Estos tres hombres hablan de todos aquellos que deben seguir la misma luz mesiánica, tanto de Oriente como de Occidente, tanto del Norte como del Sur, para encontrar juntamente "con Abraham, Isaac y Jacob" la promesa del Dios viviente.
Esta promesa se realiza hoy ante los ojos de los Magos, tal como se realizó en la noche del nacimiento de Dios ante los ojos de los pastores, cerca de Belén.
¡Oh, cuánto nos dicen hoy las palabras del Profeta, que interpela a Jerusalén: "Levanta la vista en torno, mira... tu corazón se asombrará, se ensanchará" (Is 60, 4-5).

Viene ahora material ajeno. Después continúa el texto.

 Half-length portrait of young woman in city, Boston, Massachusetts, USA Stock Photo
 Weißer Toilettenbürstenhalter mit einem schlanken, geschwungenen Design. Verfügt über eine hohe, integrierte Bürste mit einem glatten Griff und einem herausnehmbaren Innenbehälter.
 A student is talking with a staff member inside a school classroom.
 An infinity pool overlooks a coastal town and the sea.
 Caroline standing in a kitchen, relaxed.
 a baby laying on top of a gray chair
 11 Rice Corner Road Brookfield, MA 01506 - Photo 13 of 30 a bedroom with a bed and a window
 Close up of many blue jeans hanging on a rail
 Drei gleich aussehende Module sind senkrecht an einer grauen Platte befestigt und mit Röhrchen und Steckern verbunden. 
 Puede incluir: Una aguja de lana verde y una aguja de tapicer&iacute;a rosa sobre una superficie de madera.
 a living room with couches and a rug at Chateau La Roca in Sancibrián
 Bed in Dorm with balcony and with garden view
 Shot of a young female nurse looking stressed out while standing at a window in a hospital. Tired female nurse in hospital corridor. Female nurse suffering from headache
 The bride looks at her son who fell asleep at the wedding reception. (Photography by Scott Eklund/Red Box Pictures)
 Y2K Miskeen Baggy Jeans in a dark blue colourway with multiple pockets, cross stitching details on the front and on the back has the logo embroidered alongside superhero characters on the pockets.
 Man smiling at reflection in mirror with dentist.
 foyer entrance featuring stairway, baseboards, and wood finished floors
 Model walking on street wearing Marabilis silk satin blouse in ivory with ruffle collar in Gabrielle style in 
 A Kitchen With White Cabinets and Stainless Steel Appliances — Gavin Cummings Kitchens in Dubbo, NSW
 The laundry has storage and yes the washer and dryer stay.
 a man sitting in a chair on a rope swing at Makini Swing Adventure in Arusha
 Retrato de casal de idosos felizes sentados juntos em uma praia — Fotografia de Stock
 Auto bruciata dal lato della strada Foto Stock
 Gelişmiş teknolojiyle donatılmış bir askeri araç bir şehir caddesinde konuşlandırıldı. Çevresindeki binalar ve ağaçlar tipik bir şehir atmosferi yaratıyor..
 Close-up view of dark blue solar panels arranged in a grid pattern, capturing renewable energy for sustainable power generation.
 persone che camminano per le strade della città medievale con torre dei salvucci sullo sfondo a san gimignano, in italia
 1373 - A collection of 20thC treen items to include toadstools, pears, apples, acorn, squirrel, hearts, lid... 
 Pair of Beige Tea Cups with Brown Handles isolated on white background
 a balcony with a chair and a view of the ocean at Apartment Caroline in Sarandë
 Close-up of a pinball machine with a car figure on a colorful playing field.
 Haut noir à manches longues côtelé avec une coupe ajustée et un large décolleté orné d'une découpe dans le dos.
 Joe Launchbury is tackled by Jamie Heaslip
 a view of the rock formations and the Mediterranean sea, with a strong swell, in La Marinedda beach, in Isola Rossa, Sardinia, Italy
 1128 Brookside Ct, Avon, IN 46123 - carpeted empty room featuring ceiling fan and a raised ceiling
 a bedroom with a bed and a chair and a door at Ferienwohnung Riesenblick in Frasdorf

4. Queridos hijos y amados hermanos:
Debéis convertiros en testigos singulares de la alegría que siente hoy la Jerusalén del Señor ¡Deben palpitar y dilatarse vuestros corazones ante el misterio que contempláis! ¡Ante la luz a la que debéis servir!
¡Qué grande es la fe de los Magos! ¡Qué seguros están de la luz que el Espíritu del Señor encendió en sus corazones! Con cuánta tenacidad la siguen. Con cuánta coherencia buscan al Mesías recién nacido. Y cuando finalmente llegaron a la meta, "...se llenaron de inmensa alegría. Entraron en la casa, vieron al Niño con María, su Madre, y, cayendo de rodillas, lo adoraron; después, abriendo sus cofres, le ofrecieron regalos: oro. incienso y mirra" (Mt 2, 10-11).
La luz de la fe les permitió escrutar todas las incógnitas. Los caminos incógnitos. las circunstancias incógnitas. Como cuando se hallaron ante el recién Nacido, un recién nacido humano que no tenía casa. Ellos se dieron cuenta de la miseria del lugar. ¡Qué contraste con su posición de hombres instruidos y socialmente influyentes! Y, sin embargo, "cayendo de rodillas, lo adoraron" (cf. Mt 2, 11).
Si este Niño, Cristo, hubiese podido hablar entonces, tal como habló después muchas veces, les debería haber dicho: ¡Hombres, qué grande es vuestra fe! Palabras semejantes a las que una vez, más tarde, escuchó la mujer cananea: "¡Grande es tu fe!" (cf. Mt 15, 28).
5. Queridos hermanos: Dentro de poco, también vosotros os inclinaréis profundamente, y os postraréis, y tendidos sobre el pavimento de esta basílica, prepararéis vuestros corazones para la nueva venida del Espíritu Santo, para recibir sus dones divinos. Son los mismos dones que iluminaron y robustecieron a los Magos en el camino de Belén, en el encuentro con el recién Nacido y, luego, en el camino de retorno y en toda su vida.
A estos dones divinos ellos respondieron con un don: el oro, el incienso y la mirra, realidades que tienen también su significado simbólico. Teniendo presente ese significado, ofreced hoy vuestros dones, a vosotros mismos en don, y estad dispuestos a ofrecer, durante toda vuestra vida el amor, la oración, el sufrimiento.
Y luego, levantaos, dirigíos por el camino por el que os conducirá el Señor, guiándoos por las sendas de vuestra misión y de vuestro ministerio.
¡Levantaos, robusteceos en la fe! Como testigos del ministerio de Dios. Como siervos del Evangelio y dispensadores de la potencia de Cristo. Y caminad a la luz de la Epifanía, guiando a los otros a la fe y fortificando en la fe a todos los que encontréis.
Que os acompañe siempre la sabiduría, la humildad y la valentía de los Magos de Oriente.